Hi all,
        This is the patch for the RFC. I have tested it in my ppc
box, it works OK.

In some b-tree operations we may have the chance that we haven't
reserved any metadata at the beginning because we think we don't
need. While the 1st operation free a extent block while the 2nd
operation need one. Our current code can't handle this. So this
patch try to re-use the freed extent block so that we can pass
the scenario above. For more details about the bug, see

[RFC] metadata alloc fix in machines which has PAGE_SIZE > CLUSTER_SIZE
http://oss.oracle.com/pipermail/ocfs2-devel/2009-March/004185.html.

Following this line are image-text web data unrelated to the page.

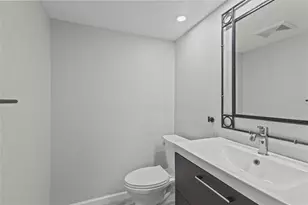 1523 Clower Creek Dr, Sarasota, FL 34231 - Photo 9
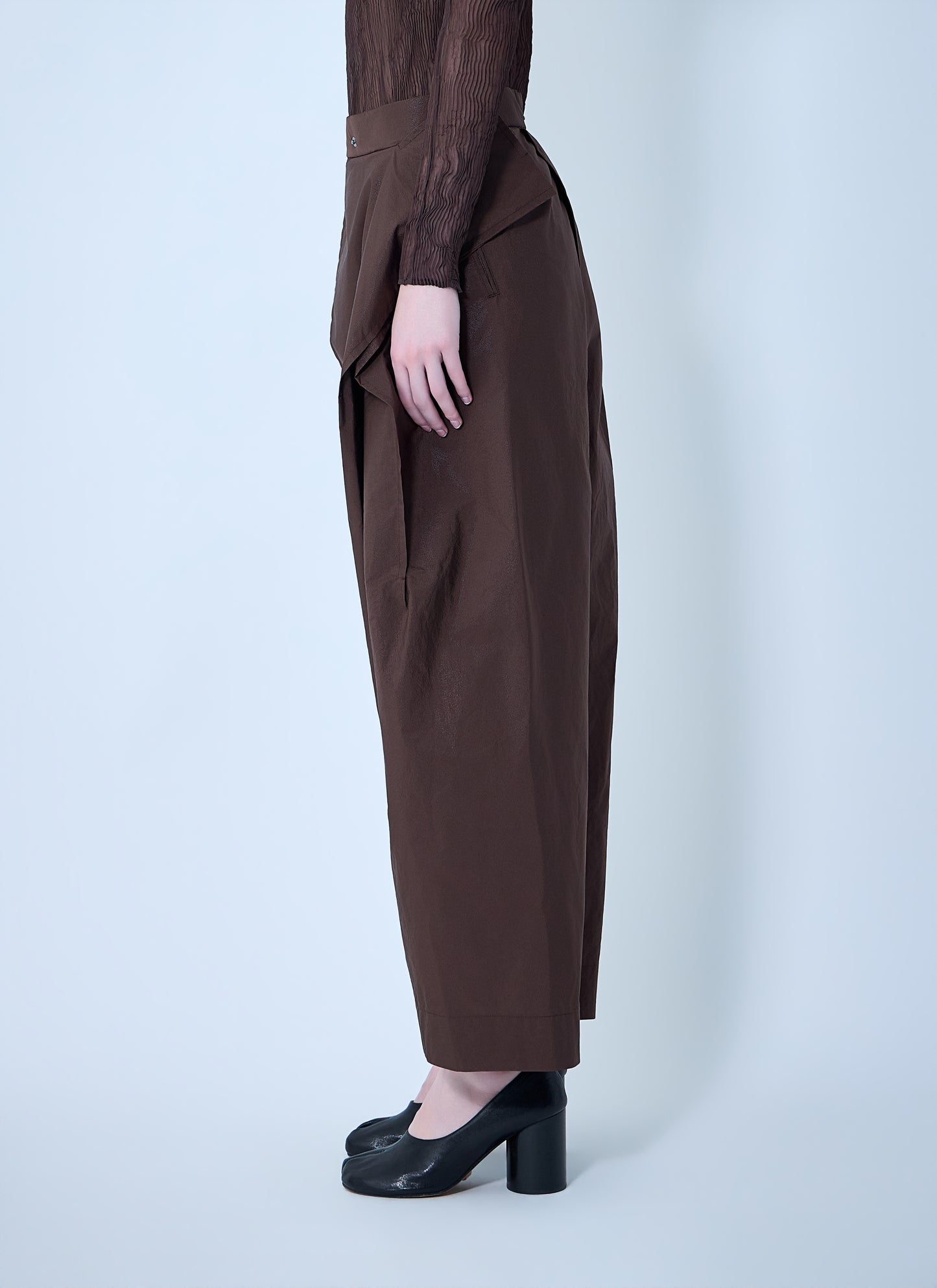 Issey Miyake Women Akimbo Woven Pants ISSEY MIYAKE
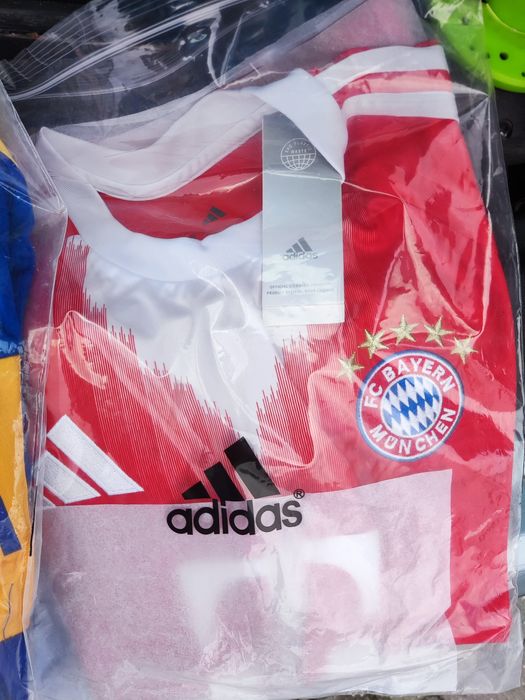 T-shirts clubes e seleções 2025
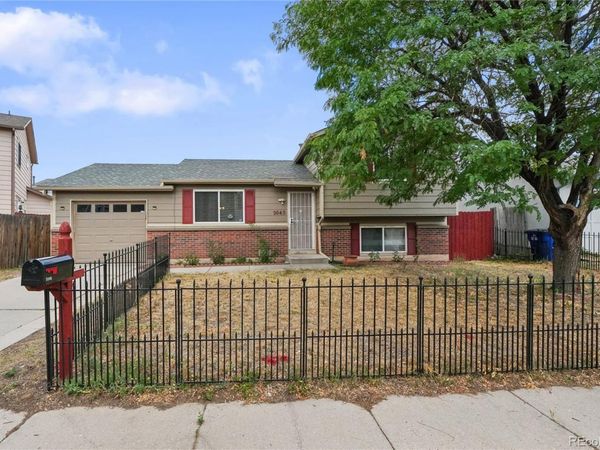 2045 Grosbear Lane , Colorado Springs, CO 80916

Signed-off-by: Tao Ma <[email protected]>
---
 fs/ocfs2/alloc.c    |   49 +++++++++++++++++++++++++++++++++++++++++++++++--
 fs/ocfs2/alloc.h    |    7 +++++++
 fs/ocfs2/dir.c      |    8 ++++----
 fs/ocfs2/suballoc.c |   23 +++++++++++++++++++++++
 fs/ocfs2/suballoc.h |    3 +++
 fs/ocfs2/xattr.c    |    6 +++---
 6 files changed, 87 insertions(+), 9 deletions(-)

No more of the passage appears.